--- What to work on ---
Your task is to print all of the entries exactly, though the pictures should not be included.

BEGIN Data for the task

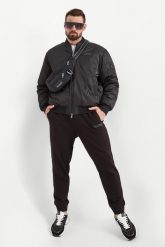 Kurtka męska bomberka ARMANI EXCHANGE. Kurtki Armani Exchange, l, bez wzorów, bez kaptura. W wyprzedaży za 888.30 zł.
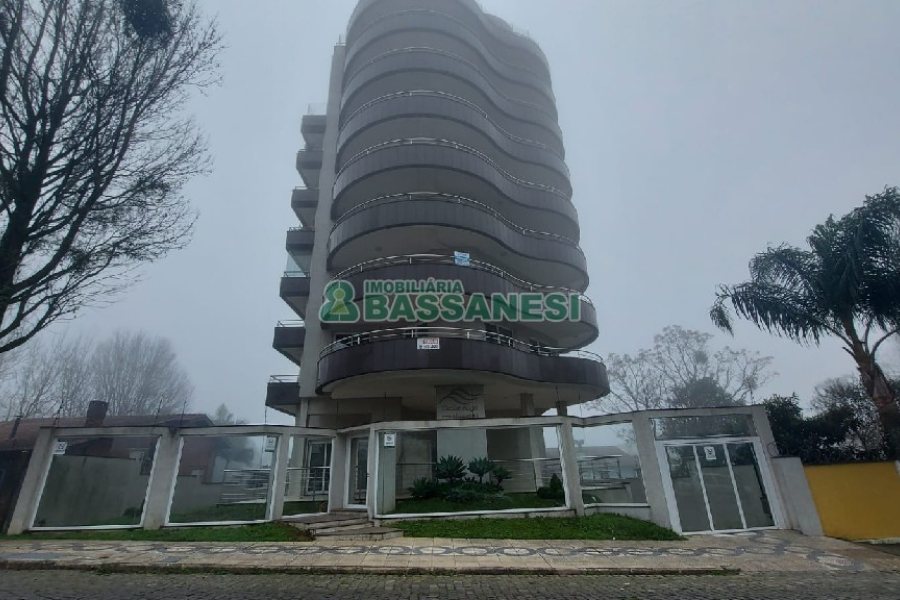 Apartamento com 376m², 3 dormitórios, 4 vagas, no bairro Jardim América em Caxias do Sul para Comprar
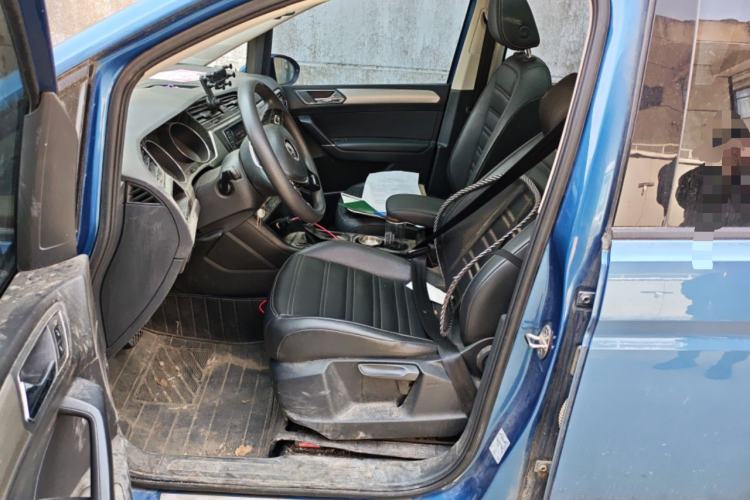 Used Volkswagen Touran 2018 Volkswagen Touran L 280TSI DSG Comfort Edition 7 Seats China V Emission Standard Left Front Seat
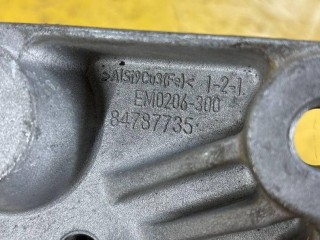 кронштейн коробки (балка кпп), ориг. номер 84787735, Buick Envision 2 2020-2026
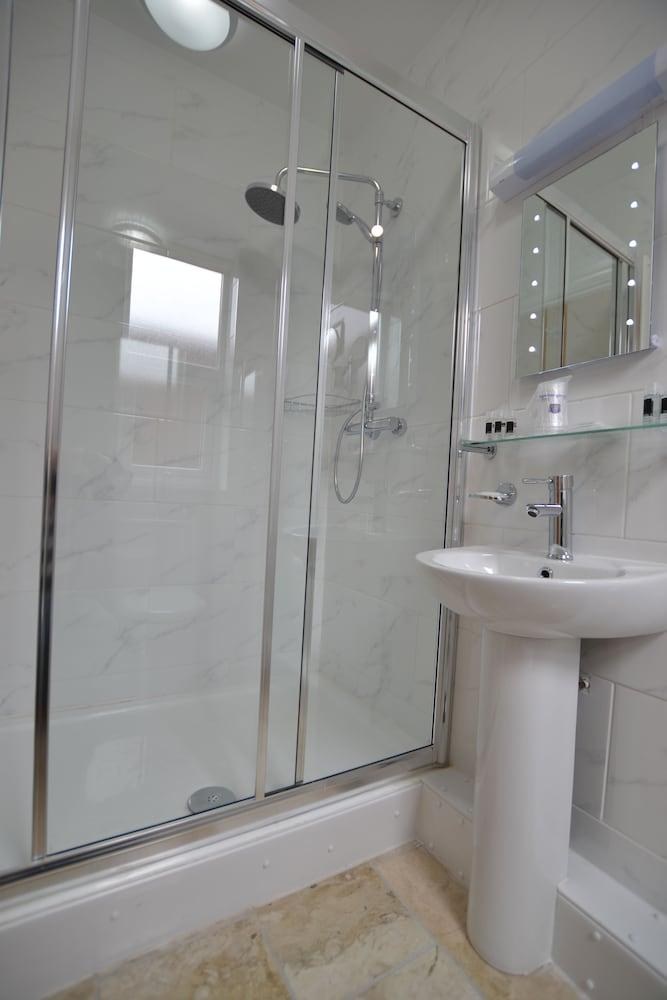 Best Western Greater London Hotel photo 3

END Data for the task

--- Solved exercise ---
 Kurtka męska bomberka ARMANI EXCHANGE. Kurtki Armani Exchange, l, bez wzorów, bez kaptura. W wyprzedaży za 888.30 zł.
 Apartamento com 376m², 3 dormitórios, 4 vagas, no bairro Jardim América em Caxias do Sul para Comprar
 Used Volkswagen Touran 2018 Volkswagen Touran L 280TSI DSG Comfort Edition 7 Seats China V Emission Standard Left Front Seat
 кронштейн коробки (балка кпп), ориг. номер 84787735, Buick Envision 2 2020-2026
 Best Western Greater London Hotel photo 3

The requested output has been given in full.